A British report, published in The New York Times on Oct. 8, 1916, referred to what was going on as "an effort to exterminate a whole nation," labeling it a policy of mass murder "without precedent even in the blood-stained annals of the East."

In his memoirs, the U.S. ambassador to the Ottoman Empire, Henry Morgenthau Sr., wrote that the "great massacres and persecutions of the past seem almost insignificant" in comparison.

Morgenthau, of course, could not have known then what was awaiting his own relatives and people in Europe. On the other hand, the man who orchestrated those deaths — Adolf Hitler — knew only too well what the Ottomans had done and he counted on the silence that followed. "Who, after all, speaks today of the annihilation of the Armenians?" he reportedly said in 1939.

We speak today of the annihilation of the Jews of Europe. We insist that country after country acknowledge the Shoah. We demand that the United Nations and its member states recognize and observe an annual Holocaust Remembrance Day — a demand the world body heeded in ‘005. Indirectly, at least, we pressure European countries and industry to confront their history, such as in the case of the Swiss bank accounts and the various slave labor cases of the last decade. Inherent in all this is a reckoning with the past.

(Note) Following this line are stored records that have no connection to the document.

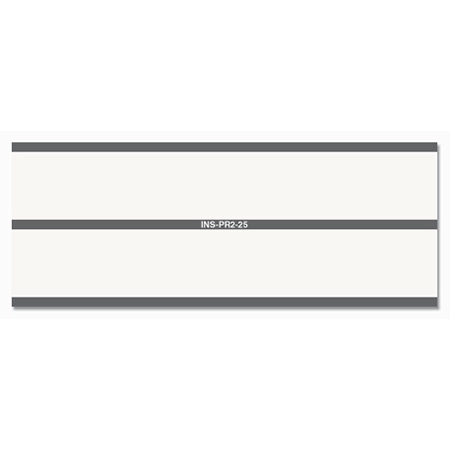 Borderline Additional Insert Cards/1 & 2 Slot Room Numbers (100/pk)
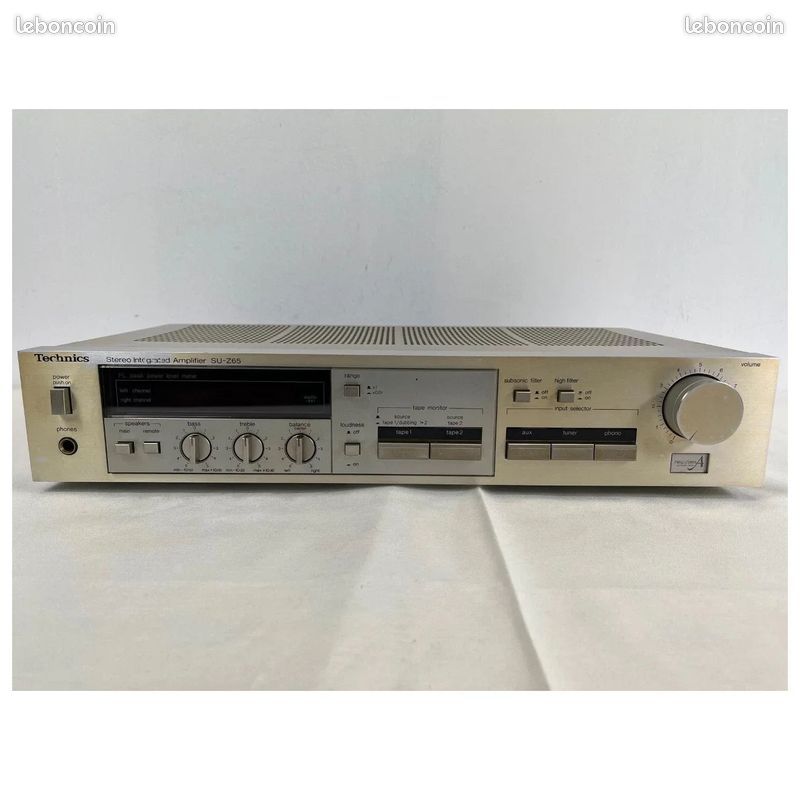 Ampli Technics Stereo SU-Z65 (image 1)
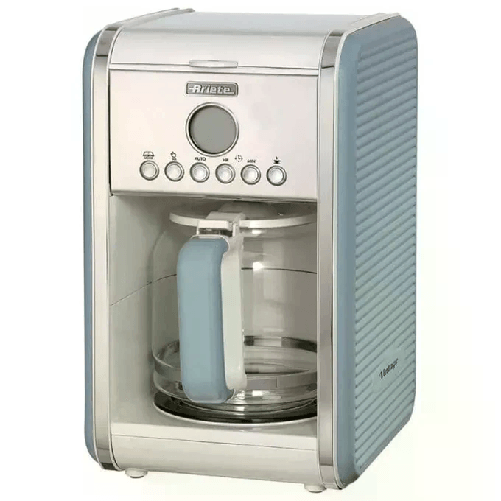 Ariete-Macchina-Caffe-Americano-12-Tazze-Caraffa-in-Vetro-2000W-Celeste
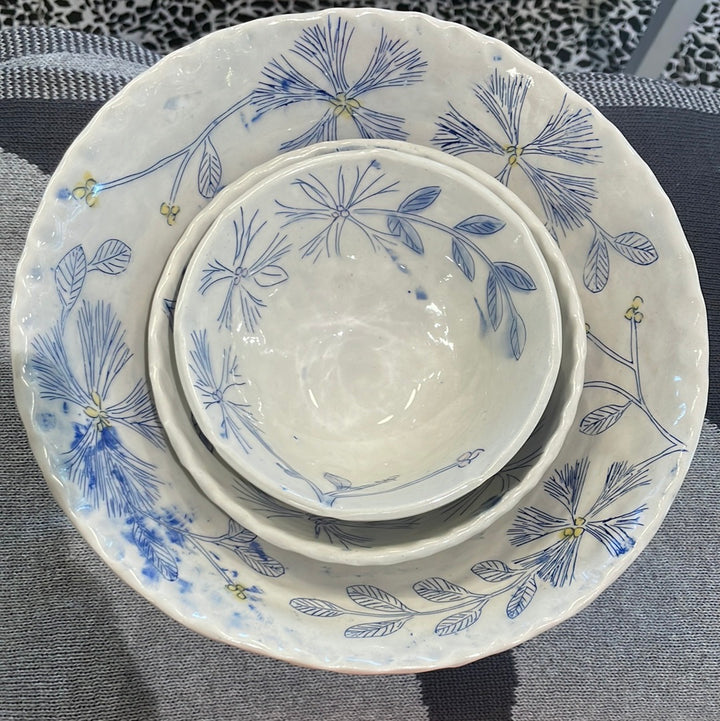 Dandelion Puff Bowls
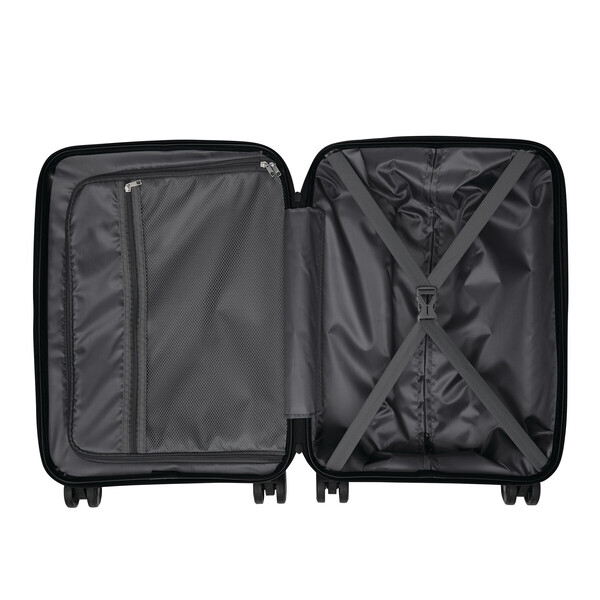 Trolley Cabin Suitcase York - Black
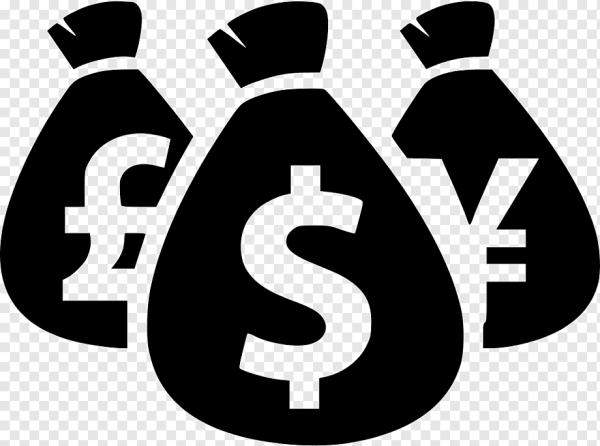 Деньги силуэт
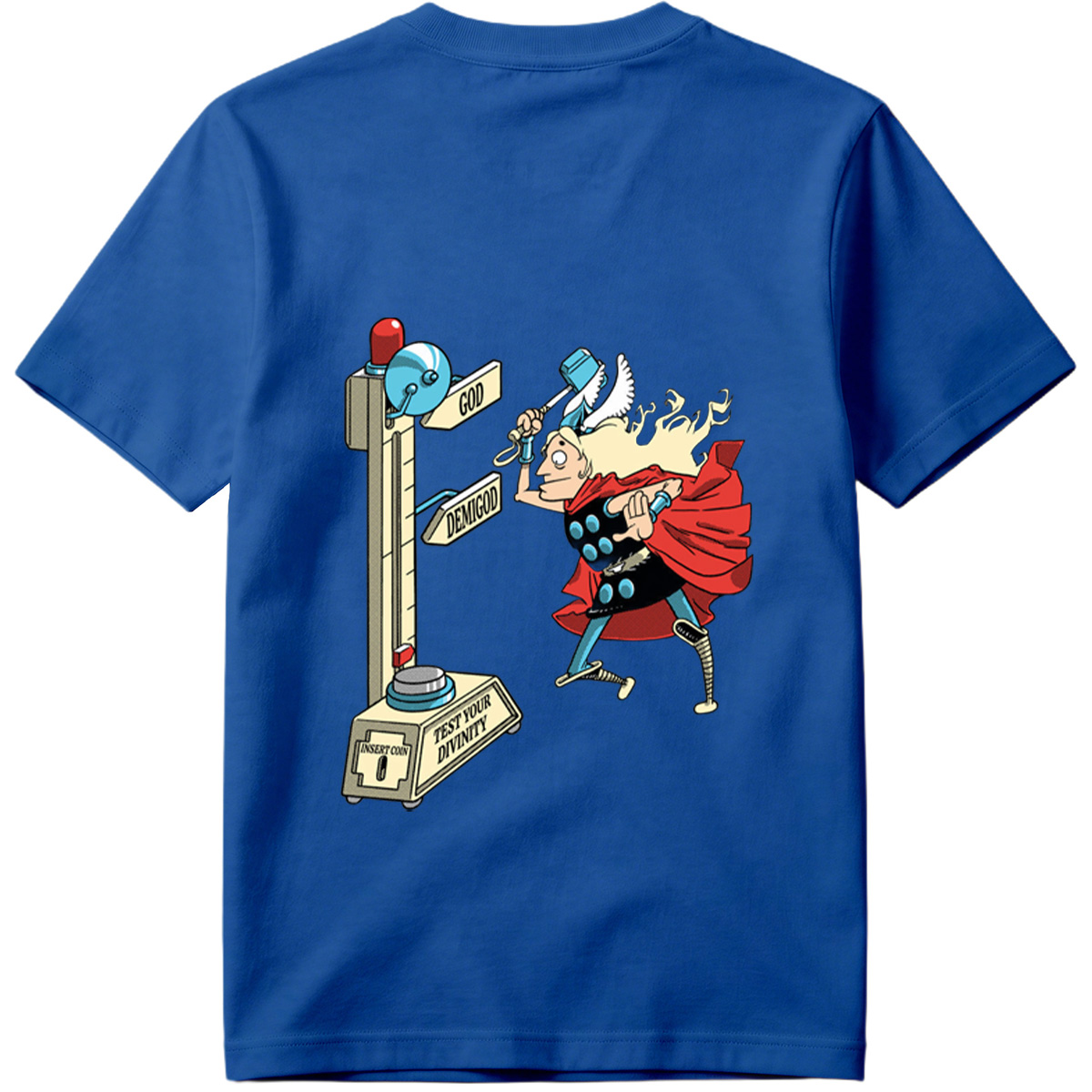 Thor Tests His Divinity - Tee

Earlier this year, we also urged the United Nations to condemn all attempts at Holocaust denial. Among those leading that charge were Glen Lewy, the ADL’s national chairman, and Abe Foxman, its national director.

In a letter to delegates who were sitting on the fence before the successful U.N. vote, the two wrote, "It is a sad reality that the denial of the Holocaust is becoming increasingly common…. We urge you to support this important declaration by the international community reinforcing that it will never forget the Holocaust and rejecting those who seek to deny it. Furthermore, such a declaration is critical to ensuring that the world does not ignore current and future acts of genocide."

Hitler’s purported citing of the Armenian genocide ably proves that last point, but that is of no consequence to the ADL’s leaders. In April, the Los Angeles Times quoted Foxman as saying of the massacres, "The Jewish community shouldn’t be the arbiter of that history. And I don’t think the U.S. Congress should be the arbiter either."

Last week, Foxman went so far as to fire an ADL regional director who disagreed with this. That move sparked a storm of such fury that the ADL actually began to use the word "genocide" by midweek (in fact, the ADL has never denied "the massacres"), although it changed its position not a whit. It remains opposed to the United States taking official notice of "the massacres." Turkey, after all, is Israel’s closest Muslim ally and Israel’s needs must take precedence over the truth.

We are the People Israel. We are commanded to walk in God’s ways. If "everyone who deals dishonestly is abhorrent to the Lord your God," then genocide can never be denied and its victims can never be turned away.

And our leaders should be the first ones to say so; they should not be dragged kicking and screaming to do so, nor should they be teaching by example that inconvenient truths may be sacrificed on the altar of political expediency.

Shammai Engelmayer is rabbi of the Conservative synagogue Temple Israel Community Center in Cliffside Park and an instructor in the UJA-Federation-sponsored Florence Melton Adult Mini-School of the Hebrew University. He is the editor of Judaism: A Journal of Jewish Life and Thought.